Two “dangerous criminals” to be set free if police witnesses fail to appear in court, warns judge

A Criminal Court judge handling the case of two persons identified by police as “dangerous criminals” has claimed that police had “not cooperated” with the court and that both may have to be released.

Thursday’s hearing of the case against Ahmed Shareef of Gaafu Dhaalu Nadella and Maadhih Mohamed of Laamu Gan, had to be cancelled after police officers who were supposed to testify as witnesses failed to appear, according to local media.

The media reported the judge as saying that it was the fourth hearing in the trial that had to be cancelled because the two police officers did not appear, and stated that the court was informed that one police officer was on vacation while the other was not turning up for work.

The judge said that a hearing would be scheduled for next week and that if the two police officers failed to appear, the two suspects would be released from custody.

Police Sub-Inspector Ahmed Shiyam meanwhile said that police had always fully cooperated with the Criminal Court and had always produced persons necessary for trials.

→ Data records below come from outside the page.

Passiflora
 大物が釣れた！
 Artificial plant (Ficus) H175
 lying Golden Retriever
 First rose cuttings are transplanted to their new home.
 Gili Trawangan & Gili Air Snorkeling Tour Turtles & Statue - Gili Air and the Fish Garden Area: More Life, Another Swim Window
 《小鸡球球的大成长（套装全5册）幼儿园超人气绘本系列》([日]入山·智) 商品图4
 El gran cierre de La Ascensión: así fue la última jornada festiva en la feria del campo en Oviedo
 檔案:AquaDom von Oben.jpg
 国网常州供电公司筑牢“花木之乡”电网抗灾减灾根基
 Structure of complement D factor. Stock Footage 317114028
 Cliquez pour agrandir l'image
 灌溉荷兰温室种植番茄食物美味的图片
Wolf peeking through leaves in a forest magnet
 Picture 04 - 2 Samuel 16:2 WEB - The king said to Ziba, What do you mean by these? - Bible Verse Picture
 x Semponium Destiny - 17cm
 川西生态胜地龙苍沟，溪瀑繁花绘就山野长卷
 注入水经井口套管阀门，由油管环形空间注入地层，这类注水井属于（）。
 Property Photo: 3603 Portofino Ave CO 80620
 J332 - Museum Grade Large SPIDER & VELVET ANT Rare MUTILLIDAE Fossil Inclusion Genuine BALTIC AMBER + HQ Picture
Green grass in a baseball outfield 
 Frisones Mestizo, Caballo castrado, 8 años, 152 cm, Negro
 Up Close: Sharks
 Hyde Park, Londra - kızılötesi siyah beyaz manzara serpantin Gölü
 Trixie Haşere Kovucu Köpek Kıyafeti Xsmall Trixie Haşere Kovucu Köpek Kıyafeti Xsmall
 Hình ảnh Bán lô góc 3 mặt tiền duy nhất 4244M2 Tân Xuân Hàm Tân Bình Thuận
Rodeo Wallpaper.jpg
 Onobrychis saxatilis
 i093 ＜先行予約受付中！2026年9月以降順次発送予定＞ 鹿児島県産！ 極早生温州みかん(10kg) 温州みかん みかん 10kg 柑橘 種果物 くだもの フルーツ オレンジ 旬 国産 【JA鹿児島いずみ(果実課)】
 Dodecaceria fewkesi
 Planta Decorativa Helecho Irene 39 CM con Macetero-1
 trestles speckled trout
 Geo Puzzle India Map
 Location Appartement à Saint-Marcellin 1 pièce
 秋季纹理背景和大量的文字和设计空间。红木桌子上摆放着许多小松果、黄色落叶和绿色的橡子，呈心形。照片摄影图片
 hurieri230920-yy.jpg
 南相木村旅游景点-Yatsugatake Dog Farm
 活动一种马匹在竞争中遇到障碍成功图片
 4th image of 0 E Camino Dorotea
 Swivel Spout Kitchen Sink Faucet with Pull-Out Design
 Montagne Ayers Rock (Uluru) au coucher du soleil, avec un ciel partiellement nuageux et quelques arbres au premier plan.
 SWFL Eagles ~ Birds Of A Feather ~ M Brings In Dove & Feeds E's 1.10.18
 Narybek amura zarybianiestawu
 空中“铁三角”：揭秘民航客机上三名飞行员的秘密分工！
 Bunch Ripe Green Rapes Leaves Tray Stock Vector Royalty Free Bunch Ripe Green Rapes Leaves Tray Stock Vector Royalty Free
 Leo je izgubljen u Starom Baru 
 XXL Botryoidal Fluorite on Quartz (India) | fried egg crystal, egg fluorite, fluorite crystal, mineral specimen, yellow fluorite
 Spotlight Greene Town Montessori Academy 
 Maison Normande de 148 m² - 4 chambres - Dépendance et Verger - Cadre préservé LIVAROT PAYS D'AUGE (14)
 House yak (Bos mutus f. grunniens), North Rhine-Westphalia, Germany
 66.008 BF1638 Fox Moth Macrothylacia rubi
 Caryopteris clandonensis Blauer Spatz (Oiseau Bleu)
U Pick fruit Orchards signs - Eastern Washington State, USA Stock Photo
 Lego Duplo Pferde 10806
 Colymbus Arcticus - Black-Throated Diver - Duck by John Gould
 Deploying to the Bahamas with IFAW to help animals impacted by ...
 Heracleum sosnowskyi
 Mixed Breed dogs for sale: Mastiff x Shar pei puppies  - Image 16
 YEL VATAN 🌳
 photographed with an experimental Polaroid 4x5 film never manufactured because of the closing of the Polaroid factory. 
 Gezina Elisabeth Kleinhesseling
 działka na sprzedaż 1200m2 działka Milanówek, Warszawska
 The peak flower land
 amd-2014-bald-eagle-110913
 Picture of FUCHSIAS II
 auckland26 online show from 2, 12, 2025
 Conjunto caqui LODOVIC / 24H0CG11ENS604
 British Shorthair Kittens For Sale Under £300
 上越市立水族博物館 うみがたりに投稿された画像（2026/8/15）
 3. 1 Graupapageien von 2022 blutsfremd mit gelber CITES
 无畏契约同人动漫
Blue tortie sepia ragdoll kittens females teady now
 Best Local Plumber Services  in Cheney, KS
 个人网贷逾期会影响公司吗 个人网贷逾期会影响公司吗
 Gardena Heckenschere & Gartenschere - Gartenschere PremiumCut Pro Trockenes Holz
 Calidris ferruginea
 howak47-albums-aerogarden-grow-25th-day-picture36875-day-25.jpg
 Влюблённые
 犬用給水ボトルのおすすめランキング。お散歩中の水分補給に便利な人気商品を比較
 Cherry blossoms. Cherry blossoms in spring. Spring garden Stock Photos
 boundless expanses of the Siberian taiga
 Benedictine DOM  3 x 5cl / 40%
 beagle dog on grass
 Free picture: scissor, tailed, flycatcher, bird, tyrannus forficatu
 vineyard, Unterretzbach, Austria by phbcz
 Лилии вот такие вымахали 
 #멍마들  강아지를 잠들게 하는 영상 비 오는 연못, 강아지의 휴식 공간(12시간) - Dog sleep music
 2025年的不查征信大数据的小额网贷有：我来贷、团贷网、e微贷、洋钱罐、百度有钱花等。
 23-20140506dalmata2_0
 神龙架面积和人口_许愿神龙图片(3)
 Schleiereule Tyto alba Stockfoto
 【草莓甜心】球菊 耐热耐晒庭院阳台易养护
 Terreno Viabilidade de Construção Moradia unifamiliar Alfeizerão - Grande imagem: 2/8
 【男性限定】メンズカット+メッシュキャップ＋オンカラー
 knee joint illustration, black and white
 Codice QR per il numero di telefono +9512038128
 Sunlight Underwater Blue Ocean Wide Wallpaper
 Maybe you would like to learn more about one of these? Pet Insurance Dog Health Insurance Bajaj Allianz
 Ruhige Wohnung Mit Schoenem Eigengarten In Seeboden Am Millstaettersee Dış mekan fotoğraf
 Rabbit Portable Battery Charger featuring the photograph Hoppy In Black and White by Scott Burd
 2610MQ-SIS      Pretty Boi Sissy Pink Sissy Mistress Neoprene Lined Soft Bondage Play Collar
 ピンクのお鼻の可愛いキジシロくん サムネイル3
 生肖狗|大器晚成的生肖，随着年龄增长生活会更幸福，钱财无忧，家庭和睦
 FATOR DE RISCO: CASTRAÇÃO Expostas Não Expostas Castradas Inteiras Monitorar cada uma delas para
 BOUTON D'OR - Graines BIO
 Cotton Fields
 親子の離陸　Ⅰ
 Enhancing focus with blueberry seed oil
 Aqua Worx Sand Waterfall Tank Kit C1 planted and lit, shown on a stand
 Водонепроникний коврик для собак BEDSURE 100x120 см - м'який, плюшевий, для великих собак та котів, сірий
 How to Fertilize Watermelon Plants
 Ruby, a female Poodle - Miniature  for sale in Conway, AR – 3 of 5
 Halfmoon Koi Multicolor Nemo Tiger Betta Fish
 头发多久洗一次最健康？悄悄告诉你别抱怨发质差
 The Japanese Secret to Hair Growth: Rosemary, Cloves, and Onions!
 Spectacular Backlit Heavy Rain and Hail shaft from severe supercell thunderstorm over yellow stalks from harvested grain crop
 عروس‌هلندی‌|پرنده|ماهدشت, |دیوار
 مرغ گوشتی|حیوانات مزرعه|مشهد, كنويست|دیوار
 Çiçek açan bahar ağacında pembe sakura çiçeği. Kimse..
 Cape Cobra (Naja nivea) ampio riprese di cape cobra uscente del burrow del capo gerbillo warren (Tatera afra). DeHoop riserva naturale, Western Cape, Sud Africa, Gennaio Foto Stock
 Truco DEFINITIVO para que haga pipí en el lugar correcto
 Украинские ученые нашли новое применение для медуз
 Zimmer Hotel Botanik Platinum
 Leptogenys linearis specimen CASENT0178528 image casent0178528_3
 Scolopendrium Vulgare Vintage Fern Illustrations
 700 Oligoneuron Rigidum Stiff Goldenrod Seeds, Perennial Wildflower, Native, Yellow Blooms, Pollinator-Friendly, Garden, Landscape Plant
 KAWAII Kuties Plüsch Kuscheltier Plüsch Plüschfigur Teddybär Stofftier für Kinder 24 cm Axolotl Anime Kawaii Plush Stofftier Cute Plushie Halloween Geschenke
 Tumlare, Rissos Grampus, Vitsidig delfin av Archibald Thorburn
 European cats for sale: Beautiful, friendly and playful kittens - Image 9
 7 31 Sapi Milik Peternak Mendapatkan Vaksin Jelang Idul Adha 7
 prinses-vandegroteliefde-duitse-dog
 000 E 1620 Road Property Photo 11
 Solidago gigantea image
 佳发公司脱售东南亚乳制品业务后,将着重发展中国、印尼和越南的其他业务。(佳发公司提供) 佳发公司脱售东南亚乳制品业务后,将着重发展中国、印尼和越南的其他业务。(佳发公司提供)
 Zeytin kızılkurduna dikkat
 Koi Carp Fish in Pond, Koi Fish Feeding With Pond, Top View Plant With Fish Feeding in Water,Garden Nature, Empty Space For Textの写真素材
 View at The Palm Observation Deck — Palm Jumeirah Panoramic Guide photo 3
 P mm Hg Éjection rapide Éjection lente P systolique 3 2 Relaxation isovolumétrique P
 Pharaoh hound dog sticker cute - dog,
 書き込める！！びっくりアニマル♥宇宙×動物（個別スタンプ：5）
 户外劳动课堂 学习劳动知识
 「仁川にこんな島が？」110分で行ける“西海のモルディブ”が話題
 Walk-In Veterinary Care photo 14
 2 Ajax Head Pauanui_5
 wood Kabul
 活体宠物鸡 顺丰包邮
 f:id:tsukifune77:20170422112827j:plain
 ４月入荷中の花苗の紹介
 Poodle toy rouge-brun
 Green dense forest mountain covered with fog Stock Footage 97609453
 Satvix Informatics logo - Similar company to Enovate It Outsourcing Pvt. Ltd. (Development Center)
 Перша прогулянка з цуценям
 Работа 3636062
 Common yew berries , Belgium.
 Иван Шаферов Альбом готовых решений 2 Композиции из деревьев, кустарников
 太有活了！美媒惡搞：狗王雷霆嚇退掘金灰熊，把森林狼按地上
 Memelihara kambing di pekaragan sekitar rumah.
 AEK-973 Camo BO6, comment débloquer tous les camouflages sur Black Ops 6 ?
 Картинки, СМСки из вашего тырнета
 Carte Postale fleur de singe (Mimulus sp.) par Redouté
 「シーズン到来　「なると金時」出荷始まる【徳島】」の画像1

“If we had failed to produce someone to the court we have always informed the court about it, and given a reason as to why we have been unable to present him,” Shiyam said.

Shareef and Maadhih are both charged of assaulting and stabbing Ismail Firdhaus, near the Hulhumale’ ferry terminal.

Both of them denied the charges against them, however, the court granted the police authority to hold them in police custody until their trial was concluded.

On February 17, Criminal Court’ Chief Judge Abdulla Mohamed released Ibrahim Shahum Adam, a 19 year-old who was arrested in August last year for allegedly murdering 17 year-old Mohamed Hussain.

Adam was presented to the Criminal Court with a police request to extend the period of detention, but Chief Judge Abdulla Mohamed noted that the Criminal Court had already extended the detention of Shahum by six months for investigation which had not yet been concluded.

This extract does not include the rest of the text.